I believe the issue with digital HW engineers comes from their work environment. Here are a few reasons:
1) Their designs tend to be quite in depth, and it is difficult to read verilog/vhdl code, so the code is heavily supported by word docs with block diagrams. This of course results in code slowly migrating away from documentation, and without the review process only the designer of the module knows how it works. They've done this for so long, that they believe this is the only way to do development.
2) Because of (1), brick walls form around modules, and only black box testing is done by simulations. Now no one looks at your code, no one appreciates being told that their code isn't up to par for readability, so they get very defensive and don't like to admit any fault internal to their design.

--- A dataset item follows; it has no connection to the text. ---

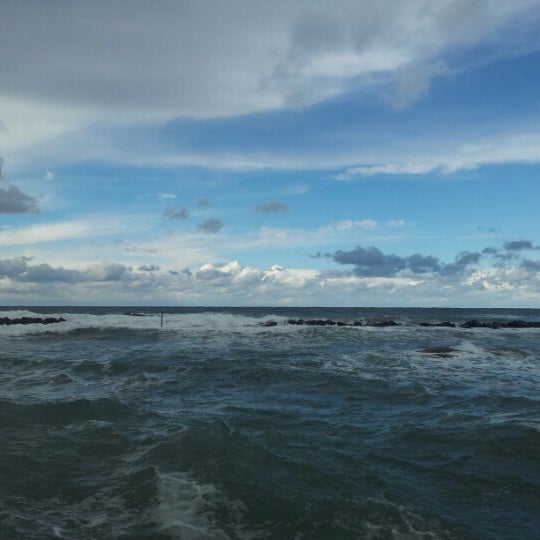 รูปภาพถ่ายที่ La Rotonda sul Mare โดย Giuseppe C. เมื่อ 10/29/2012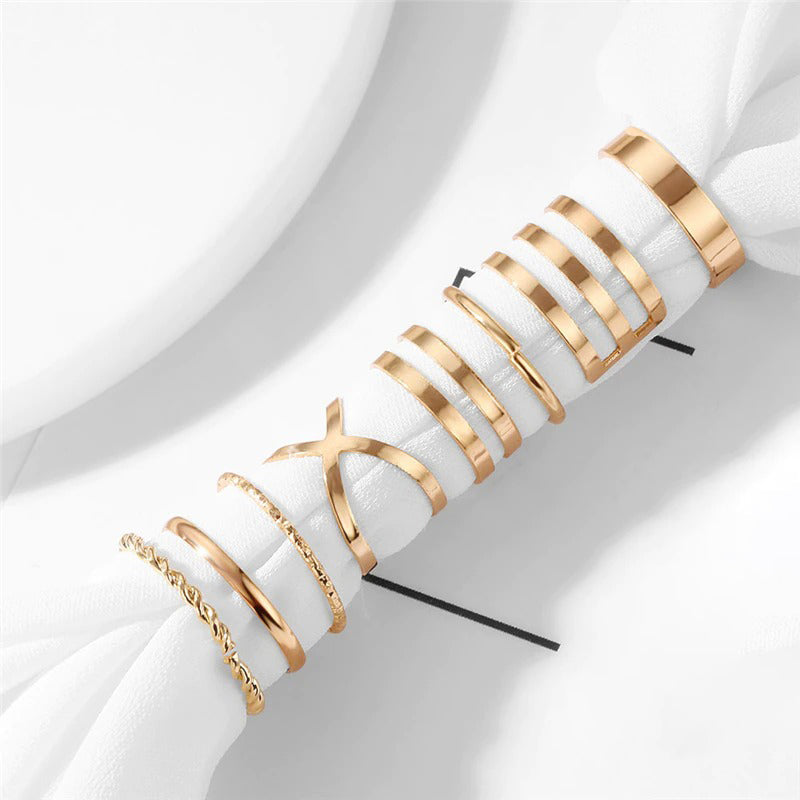 Offenes Ringset mit geometrischen Kreuzverdrehungen in mehreren Stilen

3) On top of all that chip schedules are always rushed, but they have no easy ability to go back and fix small mistakes, so they try and hide them under the carpet and blame firmware, or expect firmware to just figure out how to make it work.
4) It takes month for a chip to come back from the fab plant, months later for firmware to finish a dev. kit for it, and start shipping it out to customers, months later when a customer finds a bug. A year turn around is normal, longer is not uncommon. Digital HW engineers are usually onto another project by that time
Now every time a bug is found there is knee jerk reaction to blame firmware, even when a firmware team approaches the problem as "we don't know where the bug is, but we need helping locating it". The HW engineer just doesn't want to open up that can of worms, they know was just a rush job. Excuses like "We aren't going to re-spin the chip for this bug, so why should I spend time looking into it", are the norm. This really doesn't help, firmware implement a workaround, when the firmware team doesn't know the root cause.
I believe the only way this can change is from a management viewpoint that digital designers aren't just designing a chip right now, but they need to support the chip for years, and that should be budgeted for right up front. Documentation including verilog/vhdl code comments can happen well after the chip has taped out. This needs to be a serious priority in any schedule.